After getting settled in his dorm on the campus of Mississippi State University, August 13, Brockman shared the tweet with the images of him and his father. He included the words, “From the first day of kindergarten to college move in. Thank you dad.”
Many across the country were in an uproar over the events in Charlottesville, Virginia where white supremacists marched through the city declaring “White Lives Matter.” A counter-protester was killed. The 45th President of the United States failed to denounce the events.
While all of that was going on, Brockman was marking a moment, a tradition that had taken place between he and his parents since he was a toddler. Not only have they shared this walk every year, but also his father has been his track coach for much of his track career.
“It was a nice, little cute tweet,” he said. “The tweet was getting traction. After awhile the numbers started tripling. Pretty soon my phone was freezing and I was wondering how big is this thing going to go.”
He was getting notifications that athletes, business owners, public figures were all liking his tweet or sharing it. All of that and it was just his first week of college. By his first day of classes, midweek, the post had been retweeted over 64,000 times and liked over 263,000 times.
“The attention has been overwhelming, for sure,” said Brockman who is attending MSU on a track scholarship. “It has been really crazy, but it has also been a really fun experience so far.”
Brockman is the only child of Sherry and Charles, Jr. He explains that the first day of school walks were not so much a tradition – they were just something he, his mother and his father shared together while he was in grade school. The elementary school was in walking distance from their house.

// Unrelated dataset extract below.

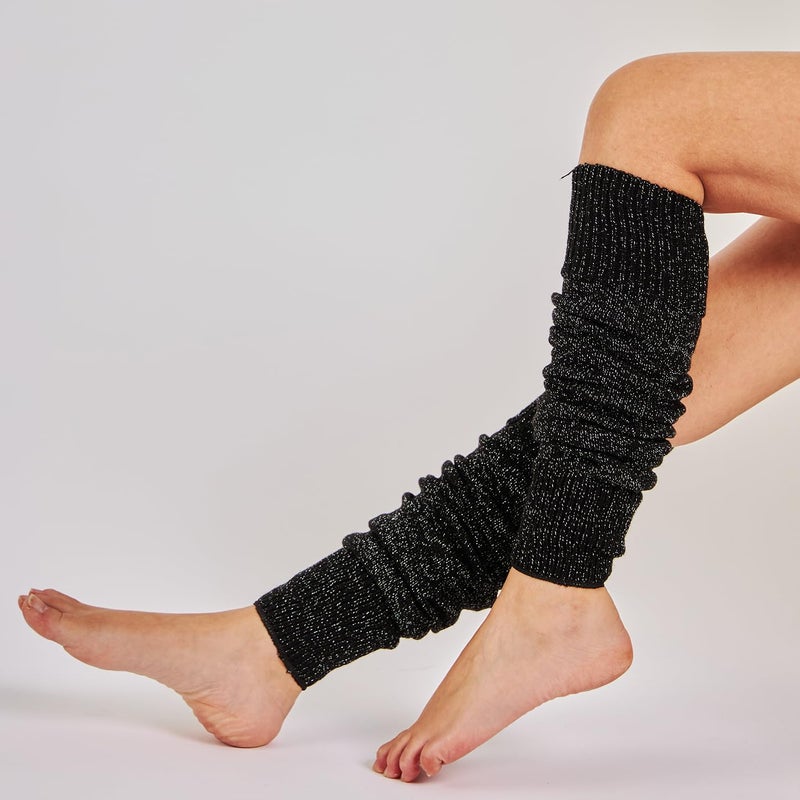 Mysocks Leg Warmers Extra Soft Stylish Fancy Winter 80s Party Dance Glitter Long Legwarmers for Women Girls Ladies Black Speckled Glitter - Image 2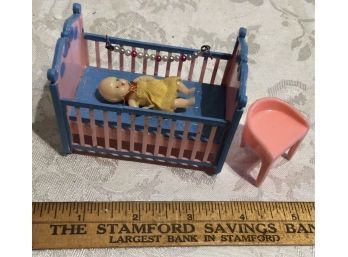 Vintage Doll House Accessories - Crib, Baby And Chair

“Once I got to middle school and high school, they just kept dropping me off and taking pictures – even when it was embarrassing, like my senior year of high school,” he laughs. “But it wasn’t all bad. The first day of school is a pretty big deal and they just wanted to see me off and help make my first day a positive moment.”
And it worked. Being there to see him off on the first day of school, their faces being the last thing he saw as he disappeared into the hallways of the school, was rewarding.
As he entered this next chapter, his parents stayed near campus most of his first week of classes. Being away from home will be an adjustment for Brockman, but he knows that the time apart will only make seeing them more special.
“Mom and dad have always been supportive towards my hobbies and everything else I do,” he said. “Who knows, they might come back next year and help me move out of the dorms and into an apartment. I know they are going to love coming down to visit me as well. And I know they are going to jump at the first chance they can get to have me come home and visit as well."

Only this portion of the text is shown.